Phylogenetic tree representing influenza B virus HA diversity. Strains used as challenge strains (B/Malaysia/2506/04 and B/Florida/04/06) or as ELISA substrate in this study are indicated. The bar indicates a 1% change in the amino acid sequence.

Humans have low titers of antibodies that are reactive against the stalk of the influenza B virus HA. A vaccine that induces high titers of these antibodies, either as a stand-alone vaccine or in combination with influenza A virus components, would be a highly valuable prophylactic tool for the control of influenza.

MATERIALS AND METHODS

Cells, viruses, and recombinant proteins.
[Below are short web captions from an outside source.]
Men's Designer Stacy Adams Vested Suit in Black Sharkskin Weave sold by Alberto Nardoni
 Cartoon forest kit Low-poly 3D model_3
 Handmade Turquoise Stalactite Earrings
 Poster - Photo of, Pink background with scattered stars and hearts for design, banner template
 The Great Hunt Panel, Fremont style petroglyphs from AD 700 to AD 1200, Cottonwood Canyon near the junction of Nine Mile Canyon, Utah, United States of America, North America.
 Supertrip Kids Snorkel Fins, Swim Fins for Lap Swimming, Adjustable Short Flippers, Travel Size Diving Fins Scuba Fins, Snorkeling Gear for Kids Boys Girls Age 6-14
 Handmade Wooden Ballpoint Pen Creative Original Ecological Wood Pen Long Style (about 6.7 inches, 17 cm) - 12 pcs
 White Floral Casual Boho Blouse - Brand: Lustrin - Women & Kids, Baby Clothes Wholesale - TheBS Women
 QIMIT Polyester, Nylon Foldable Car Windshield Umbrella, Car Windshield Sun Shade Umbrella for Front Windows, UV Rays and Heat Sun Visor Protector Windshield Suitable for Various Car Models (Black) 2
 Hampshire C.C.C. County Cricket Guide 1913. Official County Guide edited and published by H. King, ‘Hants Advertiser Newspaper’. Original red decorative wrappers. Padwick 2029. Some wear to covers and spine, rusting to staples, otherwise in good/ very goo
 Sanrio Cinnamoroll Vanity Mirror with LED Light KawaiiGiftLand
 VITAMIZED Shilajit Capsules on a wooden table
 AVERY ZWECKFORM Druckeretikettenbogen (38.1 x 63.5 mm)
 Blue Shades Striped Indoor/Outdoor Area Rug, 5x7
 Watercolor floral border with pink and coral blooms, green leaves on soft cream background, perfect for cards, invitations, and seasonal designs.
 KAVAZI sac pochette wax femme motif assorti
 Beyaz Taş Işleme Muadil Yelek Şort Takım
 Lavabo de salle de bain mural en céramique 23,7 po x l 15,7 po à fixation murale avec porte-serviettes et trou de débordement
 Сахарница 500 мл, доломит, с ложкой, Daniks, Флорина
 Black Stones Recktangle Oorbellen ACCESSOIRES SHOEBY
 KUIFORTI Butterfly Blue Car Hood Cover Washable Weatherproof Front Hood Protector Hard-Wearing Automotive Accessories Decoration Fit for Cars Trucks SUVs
HEK 293T cells were maintained in Dulbecco's modified Eagle medium (DMEM; Gibco) with 10% fetal bovine serum (FBS; Gibco), 2 mM l-glutamine, and a penicillin (100 U/ml)-streptomycin (100 μg/ml) solution (Pen-Strep; Gibco). Madin-Darby canine kidney (MDCK) cells were grown in DMEM (Gibco) supplemented with 10% FBS and penicillin-streptomycin. Sf9 cells for baculovirus rescue and propagation were grown in Trichoplusia ni medium-formulation Hink (TNM-FH) insect cell medium (Gemini Bioproducts) supplemented with 10% FBS and penicillin-streptomycin. BTI-TN-5B1-4 (High Five) cells for protein expression were grown in serum-free SFX medium (HyClone) supplemented with penicillin-streptomycin. Virus preparations for influenza B virus strains B/Lee/40, B/Yamagata/16/1988, B/Victoria/2/1987, B/Florida/4/2006, B/Malaysia/2506/04, B/Brisbane/60/2008, and B/Phuket/3073/2013 were generated as follows. Viruses were grown in 10-day-old embryonated chicken eggs (Charles River) for 72 h at 33°C. Eggs were then cooled down to 4°C overnight, and allantoic fluid was harvested and cleared by low-speed centrifugation at 2,000 × g for 10 min at 4°C. Viruses were then pelleted through a 30% sucrose cushion (buffered in NTE buffer [100 mM NaCl, 10 mM Tris-HCl, 1 mM EDTA {pH 7.4}]) by centrifugation in a Beckman L7-65 ultracentrifuge at 25,000 rpm for 2 h at 4°C using a Beckman SW28 rotor. Pellets were collected in phosphate-buffered saline (PBS) (pH 7.4), and the protein content was quantified by using the Bradford reagent. Challenge viruses were grown in eggs as described above, and titers of the virus stocks were determined on monolayers of MDCK cells.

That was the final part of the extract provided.